Le leader chiite est très influent, et son aura religieuse et politique a une large portée dans cette communauté majoritaire en Irak.

 

Appels au calme

À Washington, la Maison-Blanche a jugé la situation « inquiétante » et a appelé au calme et au dialogue. La mission de l’ONU en Irak, dont le siège se trouve dans la Zone verte, a appelé toutes les parties à la « retenue maximale ».

Dans la soirée, le couvre-feu instauré plus tôt dans la journée semblait respecté à Bagdad. Les rues d’ordinaire animées étaient vides de toute voiture ou de tout passant.

Mais le chaos a gagné d’autres régions : à Nassiriyah, dans la province de Zi Qar, dans le sud du pays, des sadristes ont envahi le siège du gouvernorat et pénétré dans d’autres bâtiments officiels.
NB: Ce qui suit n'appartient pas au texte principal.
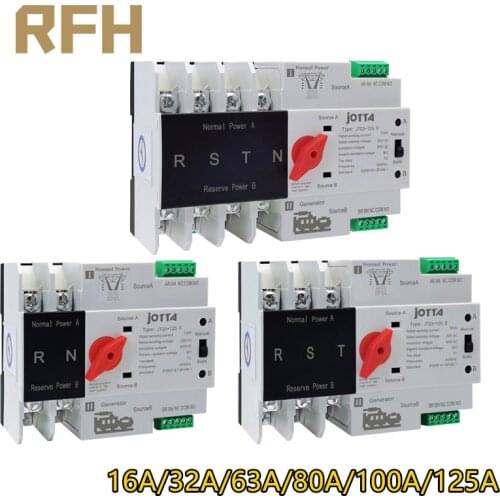 Din Rail W2R-2P/3P/4P 16A 32A 63A 80A 100A 125A 220V Automatic Transfer Switch Electrical Selector Switches Dual Power Switch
Le siège du gouvernorat de Babylone, dans la ville de Hilla, a également été occupé par des partisans de Moqtada al-Sadr, ont indiqué des témoins à l’AFP.

Depuis près d’un an, les barons de la politique ne parviennent pas à s’accorder sur le nom d’un nouveau premier ministre. L’Irak n’a donc ni nouveau gouvernement ni nouveau président depuis les législatives. Pour sortir de la crise, Moqtada al-Sadr et le Cadre de coordination s’accordent sur un point : il faut un nouveau scrutin anticipé. Mais si al-Sadr insiste pour dissoudre le Parlement avant tout, ses rivaux veulent d’abord nommer un gouvernement.

Dans la soirée, le Cadre de coordination a condamné l’« attaque contre les institutions de l’État », tout en appelant les sadristes au « dialogue ». Pour sa part, Moqtada al-Sadr a « annoncé une grève de la faim, jusqu’à la fin des violences », a indiqué un responsable du courant sur les réseaux sociaux.

Rebondissements

 

Al-Sadr n’a cessé de faire monter les enchères ces dernières semaines. Depuis un mois, ses partisans campent aux abords du Parlement et ont même bloqué brièvement l’accès à la plus haute instance judiciaire du pays. Lundi, dans un nouveau rebondissement, il a annoncé son « retrait définitif » de la politique et la fermeture d’institutions liées à sa famille.

Arrivé premier aux législatives avec 73 sièges (sur 329), mais incapable de former une majorité, il avait fait démissionner ses députés en juin, affirmant vouloir « réformer » de fond en comble le système et en finir avec la « corruption ».

Pour Hamzeh Hadad, chercheur invité au Conseil européen pour les relations internationales (ECFR), son annonce de retrait de la politique « n’est pas très claire ». « Dans la tradition sadriste, on peut s’attendre à ce qu’il fasse marche arrière », dit-il à l’AFP. Mais, « et c’est plus terrifiant, on peut penser qu’il donne à ses partisans le feu vert pour faire ce qu’ils veulent, en disant qu’il ne répond plus de leurs actions ».

Samedi, Moqtada al-Sadr avait donné « 72 heures » à « tous les partis » en place depuis la chute de Saddam Hussein en 2003 — dont le sien — pour renoncer aux postes gouvernementaux qu’ils détiennent et laisser « place aux réformes ».

Jusqu’ici, les prises de bec entre les sadristes et le Cadre de coordination n’avaient pas dégénéré en violences. Le Hachd al-Chaabi, d’anciens paramilitaires alliés à Téhéran et intégrés aux forces irakiennes, s’était toutefois dit prêt à « défendre les institutions étatiques ».